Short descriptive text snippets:
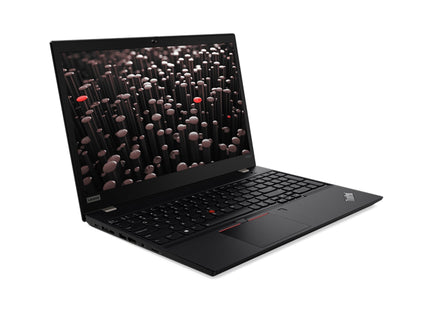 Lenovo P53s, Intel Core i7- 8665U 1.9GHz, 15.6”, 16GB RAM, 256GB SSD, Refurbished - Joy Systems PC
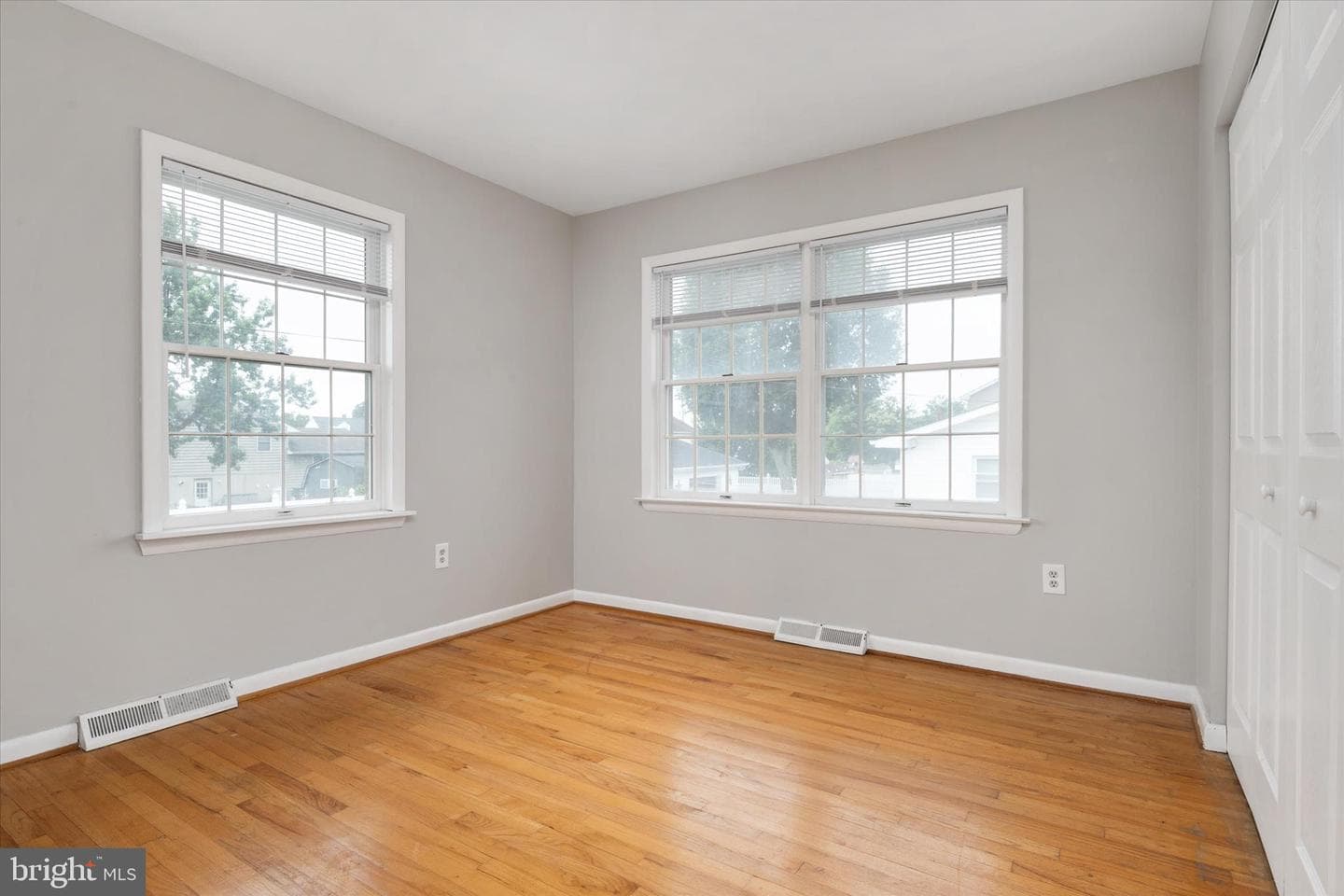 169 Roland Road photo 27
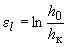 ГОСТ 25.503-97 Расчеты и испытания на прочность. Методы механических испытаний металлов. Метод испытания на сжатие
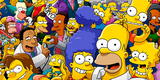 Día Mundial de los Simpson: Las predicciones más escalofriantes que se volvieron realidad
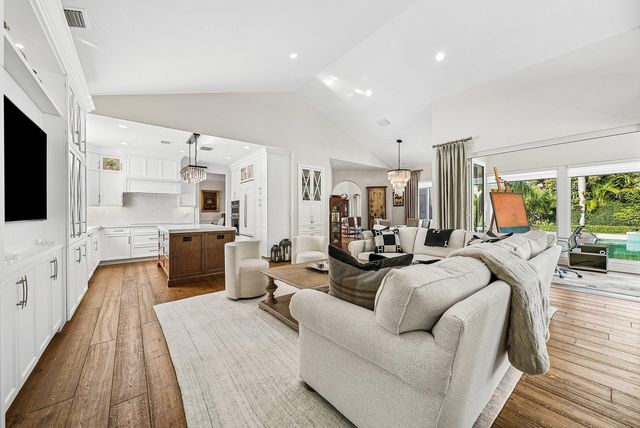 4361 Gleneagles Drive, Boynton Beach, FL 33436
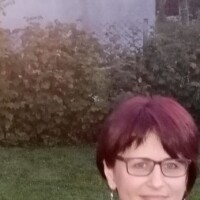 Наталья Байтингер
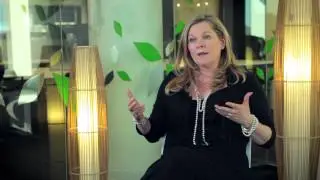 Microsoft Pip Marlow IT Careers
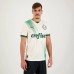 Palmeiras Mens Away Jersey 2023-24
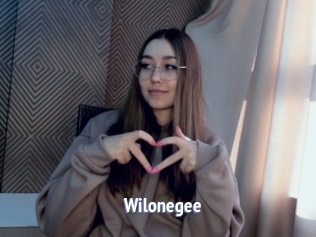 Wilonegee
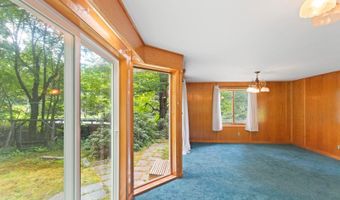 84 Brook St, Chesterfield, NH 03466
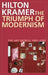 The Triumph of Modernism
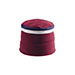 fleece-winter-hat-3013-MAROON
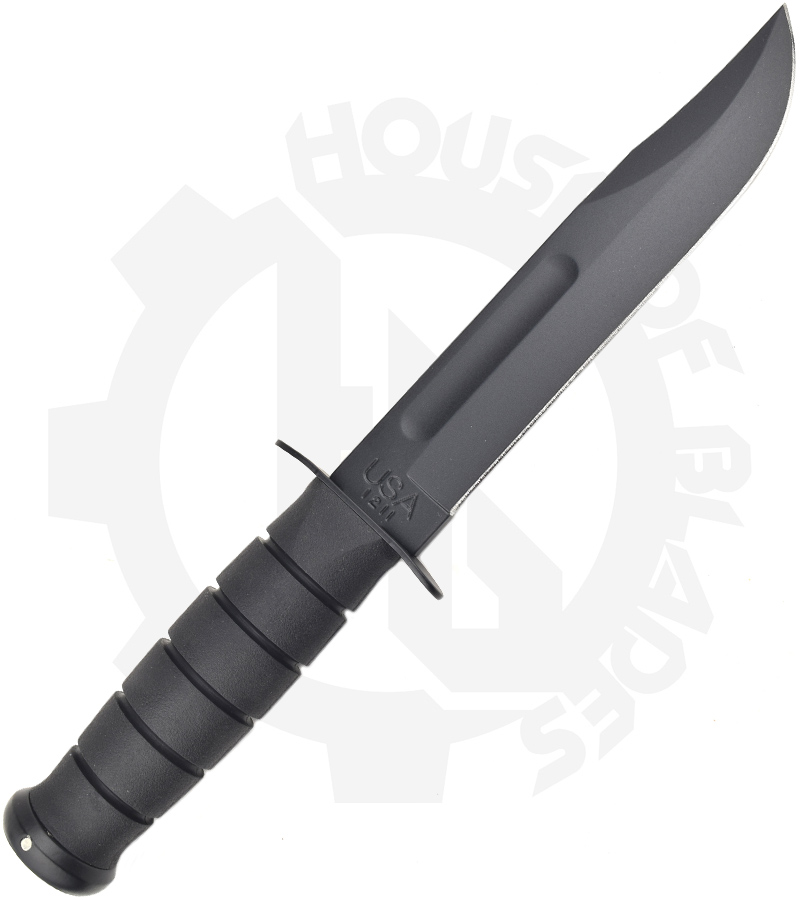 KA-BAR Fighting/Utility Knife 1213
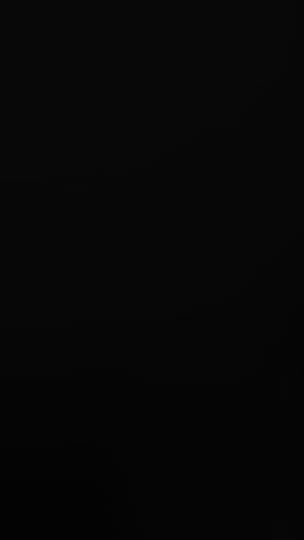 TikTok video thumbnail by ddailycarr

[Problem description]
Transcribe exactly, and only, the lines from the one containing "The Triumph of Modernism" through the last line of the records above, both included; leave out the pictures.

[Reply to the exercise]
 The Triumph of Modernism
 fleece-winter-hat-3013-MAROON
 KA-BAR Fighting/Utility Knife 1213
 TikTok video thumbnail by ddailycarr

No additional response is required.